Posted by: Scott    Tags:      Posted date:  November 20, 2007  |  No comment


For a writer, the true question isn’t “Where do you get your ideas?,” but instead, “How do you decide which of the many hundreds of ideas you get is worth pursuing?” If the subconscious is a garden, the issue for me has never been one of fertilizing, but rather of pruning.

For example, when I learned that Jacques Futrelle, the author of the “Thinking Machine” stories I’d loved as a kid (such as the classic “The Problem of Cell 13”), died aboard the Titanic, a story idea immediately came to me. What if Futrelle himself had a detecting adventure onboard similar to those of his creation Prof. Augustus S. F. X. Van Dusen, and died trying to save the doomed ship? Perhaps the only reason there had been any survivors at all was because of something he did, and he sacrificed his life on behalf of those who made it out alive. I’m sure there’s an intriguing story to be built of that, but other ideas attracted me more, so it will be up to someone else to write.

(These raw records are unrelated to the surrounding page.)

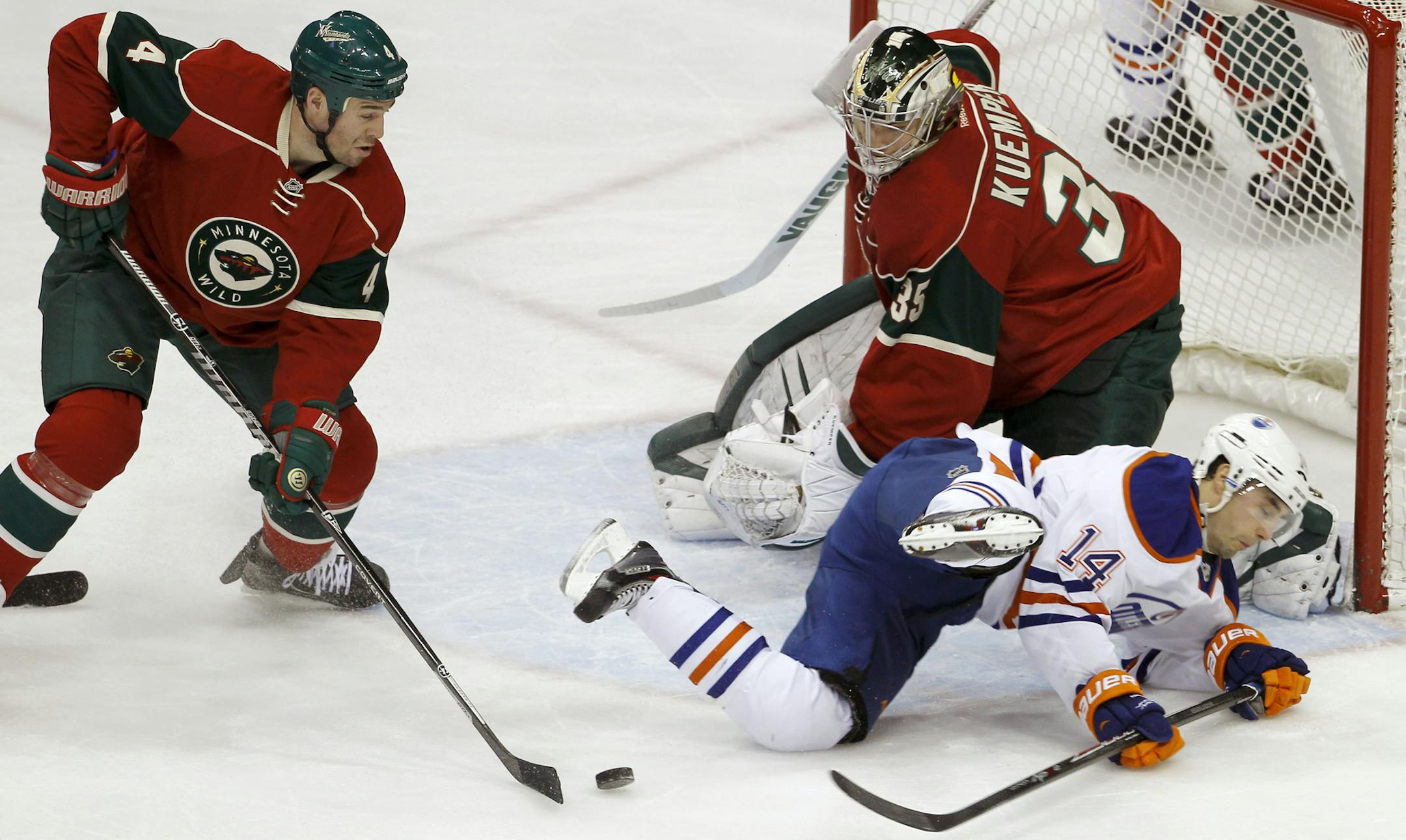 Minnesota Wild defenseman Clayton Stoner, left, clears a rebound as Wild goalie Darcy Kuemper (35) covers the net and Edmonton Oilers right wing Jordan Eberle (14) falls during the first period of an NHL hockey game in St. Paul, Minn., Thursday, Jan. 16, 2014. (AP Photo/Ann Heisenfelt)
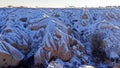 Pigeon valley with snowy landscape in winter in Cappadocia, Turkey Royalty Free Stock Photo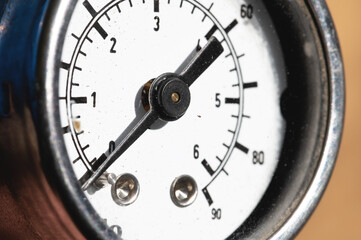 A close-up of a part of the white dial of an old manometer with an arrow at zero. Production stop and malfunction concept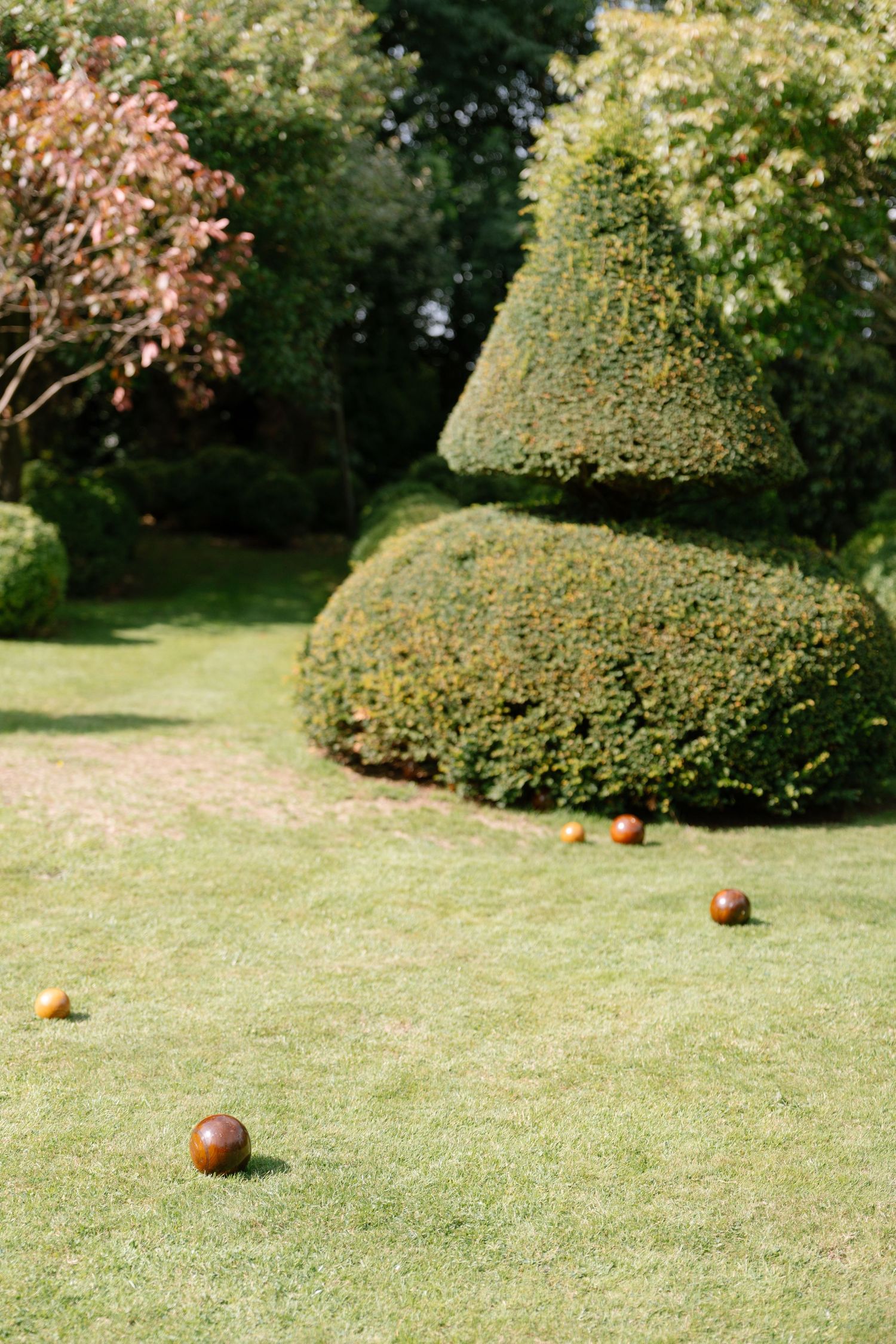 Sculpted topiary bushes and scattered apples on a manicured lawn create a whimsical garden scene.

Then there was the time I learned that Charles Dickens, who’d died before completing The Mystery of Edwin Drood, had once offered to tell Queen Victoria how the series was to end, so she wouldn’t have to live in suspense like a commoner. The incident could very well be apocryphal, and besides, she supposedly refused anyway. But what if she hadn’t rejected Dickens’ gift? When if Queen Victoria was the only person in the world who truly knew how the novel was to end, but kept it to herself? After all, that secret would be one of her most valuable possessions. I once thought of writing the last chapter of Drood as told by Queen Victoria, but soon decided that, too, was a tale best left to someone else.

PortableObituary

Well, inspiration just happened again. I was skimming The Portable Obituary, an encyclopedia of celebrity deaths written by Michael Largo, who’d won a Stoker Award for his previous non-fiction book. In it, he shares the fact (which might be widely known, but was new to me) that novelist Albert Camus, author of The Stranger, apparently died in a car crash while carrying in his pocket an unused train ticket to the same destination to which he’d been driving, as if he’d changed his mind at the last minute. I’m sure there’s a story to be mined out of this nugget of information as well, either an existential tale of how Camus had come to change his mind, or an alternate history detailing what that train trip would have been like.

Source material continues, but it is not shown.